◆ WHAT TO DO
With pictures left out, output word for word the lines from the one containing "Silver Hammered Scoop" through the end of the material below.
** Opening THE DATA block **
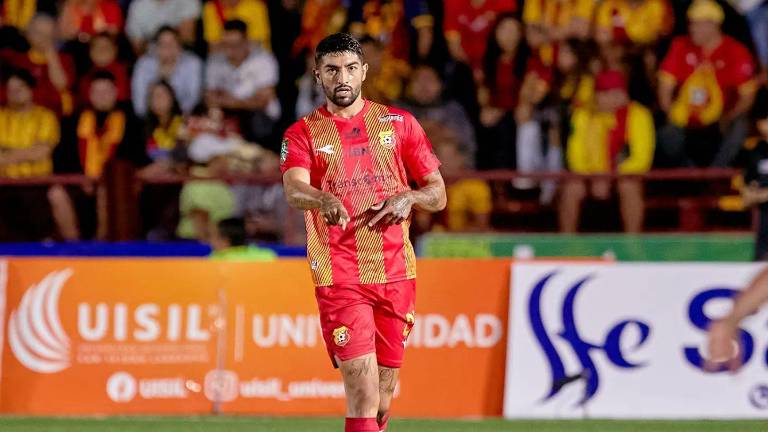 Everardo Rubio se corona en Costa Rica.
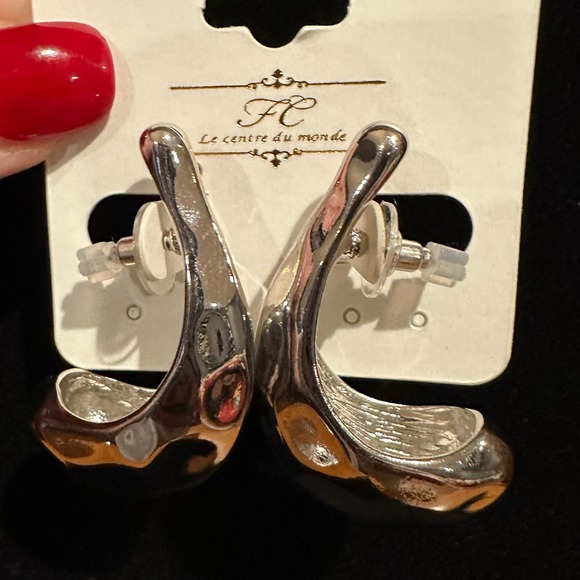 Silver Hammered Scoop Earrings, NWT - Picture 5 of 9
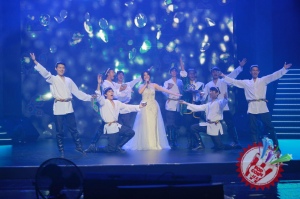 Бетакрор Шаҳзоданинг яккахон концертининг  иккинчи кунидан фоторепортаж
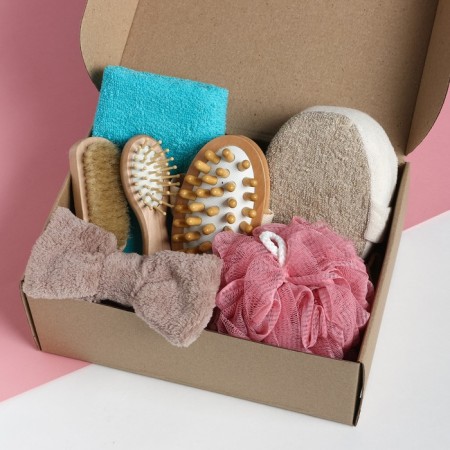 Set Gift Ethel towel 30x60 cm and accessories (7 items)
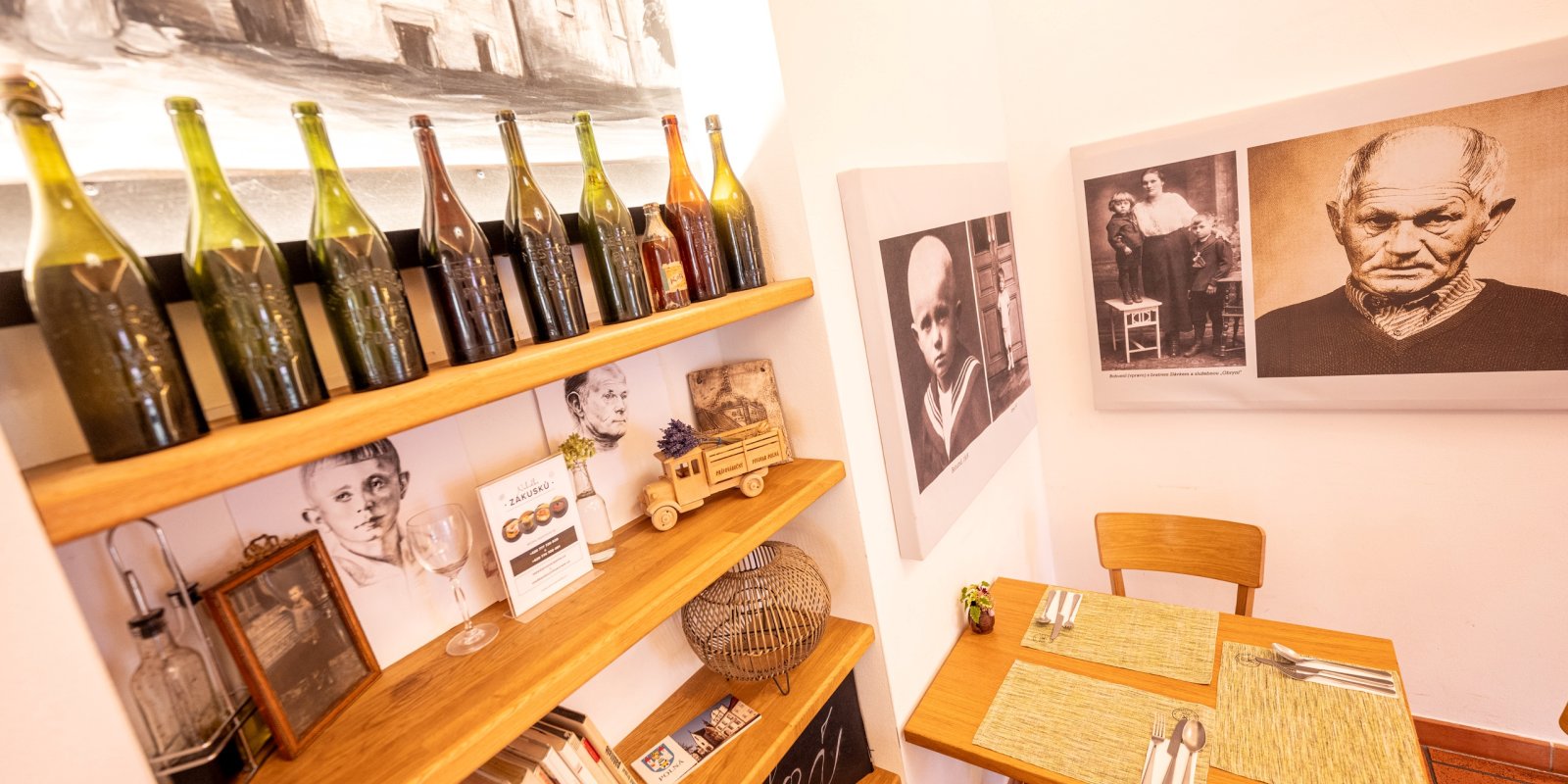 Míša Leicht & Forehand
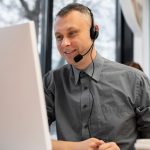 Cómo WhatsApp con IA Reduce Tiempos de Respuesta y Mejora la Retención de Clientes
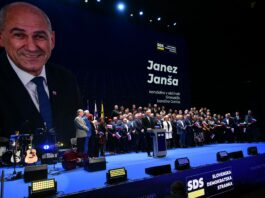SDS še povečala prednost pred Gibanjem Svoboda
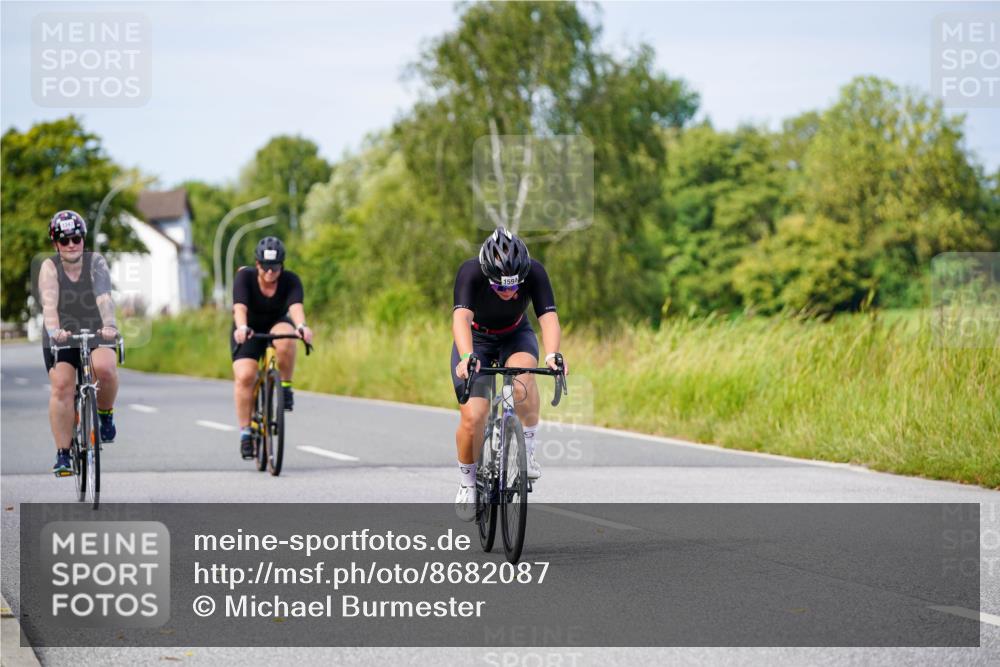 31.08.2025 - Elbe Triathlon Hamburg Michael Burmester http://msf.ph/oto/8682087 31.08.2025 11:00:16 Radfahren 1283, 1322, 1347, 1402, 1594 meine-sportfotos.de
** Closing THE DATA block **
◆ TASK OUTPUT
 Silver Hammered Scoop Earrings, NWT - Picture 5 of 9
 Бетакрор Шаҳзоданинг яккахон концертининг  иккинчи кунидан фоторепортаж
 Set Gift Ethel towel 30x60 cm and accessories (7 items)
 Míša Leicht & Forehand
 Cómo WhatsApp con IA Reduce Tiempos de Respuesta y Mejora la Retención de Clientes
SDS še povečala prednost pred Gibanjem Svoboda
 31.08.2025 - Elbe Triathlon Hamburg Michael Burmester http://msf.ph/oto/8682087 31.08.2025 11:00:16 Radfahren 1283, 1322, 1347, 1402, 1594 meine-sportfotos.de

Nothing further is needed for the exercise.